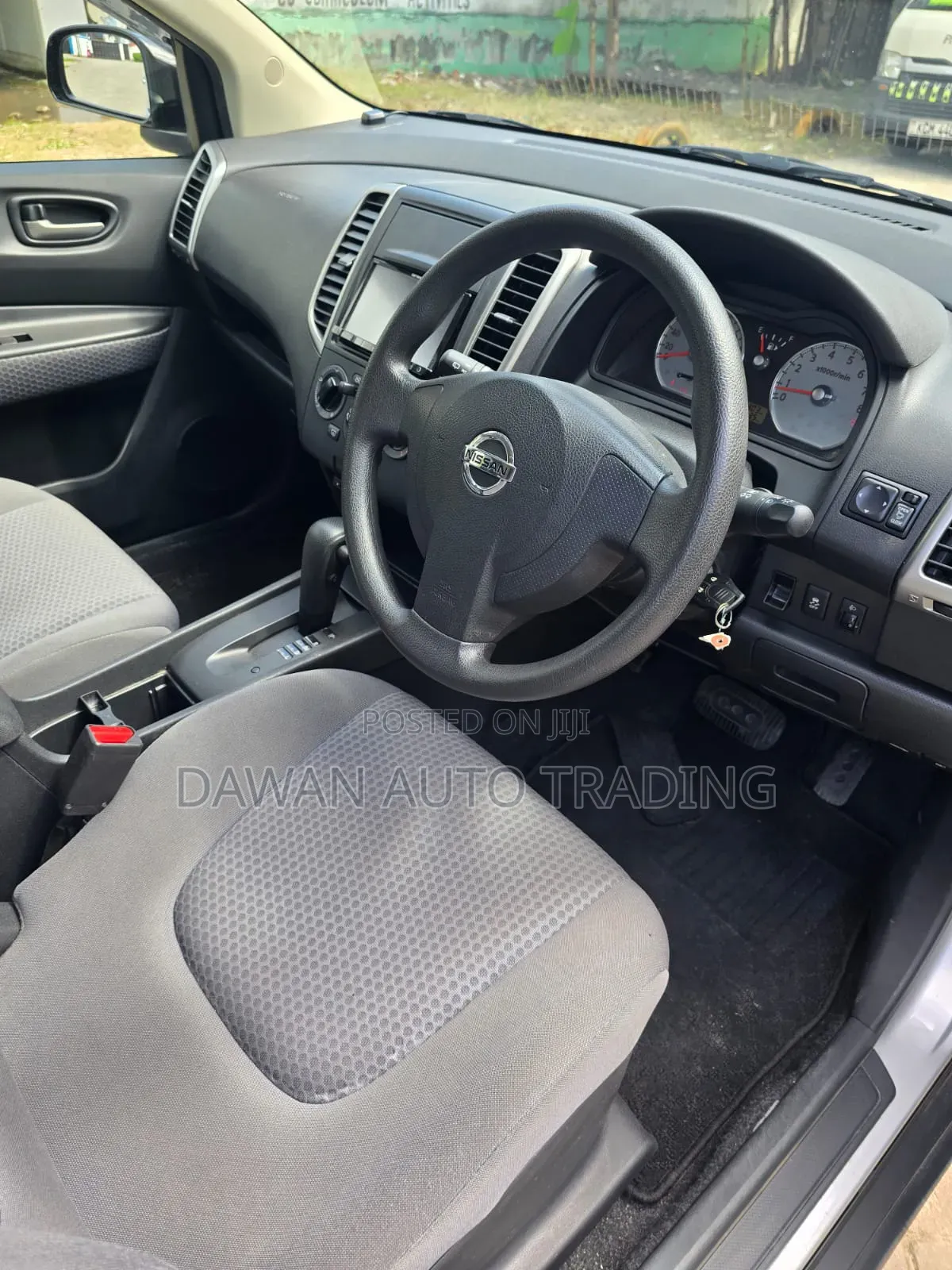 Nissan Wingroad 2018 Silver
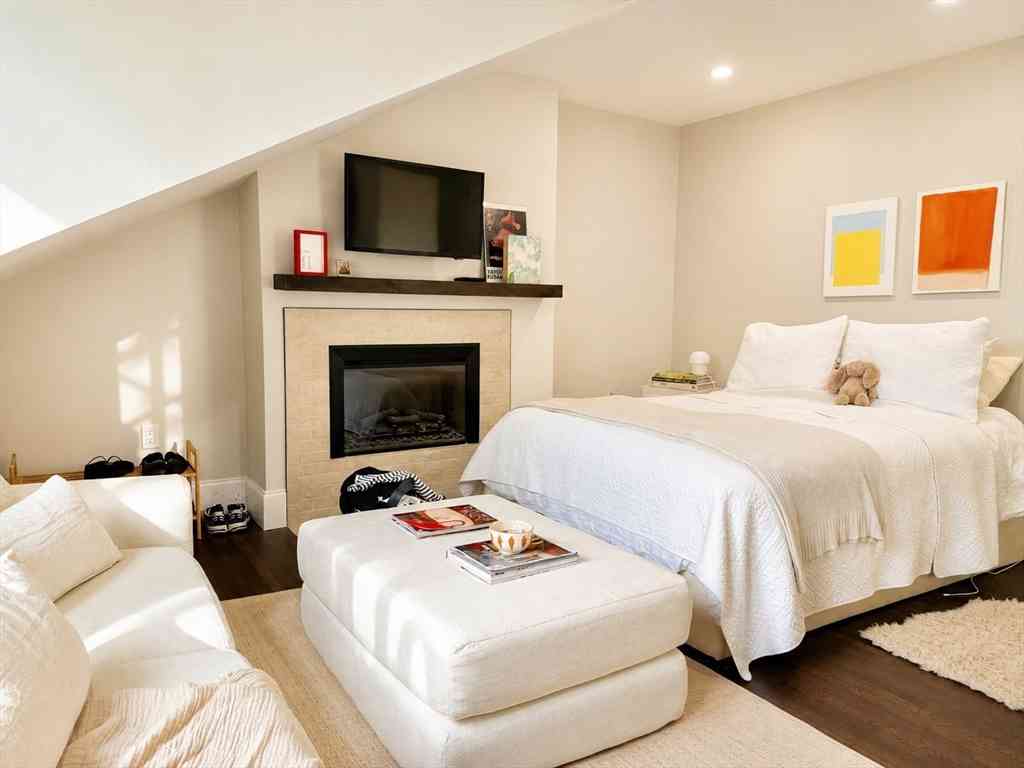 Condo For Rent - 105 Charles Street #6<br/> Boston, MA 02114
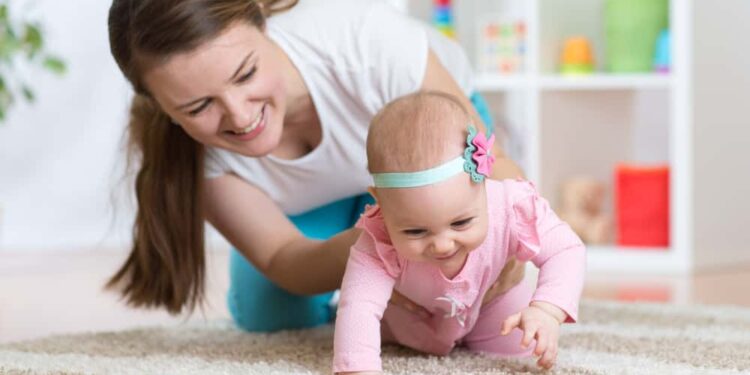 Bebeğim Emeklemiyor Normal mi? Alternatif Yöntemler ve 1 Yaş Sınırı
--------------------
**Activity:**
Set the pictures aside and transcribe the data above exactly.

**Result of this task:**
 Nissan Wingroad 2018 Silver
 Condo For Rent - 105 Charles Street #6<br/> Boston, MA 02114
 Bebeğim Emeklemiyor Normal mi? Alternatif Yöntemler ve 1 Yaş Sınırı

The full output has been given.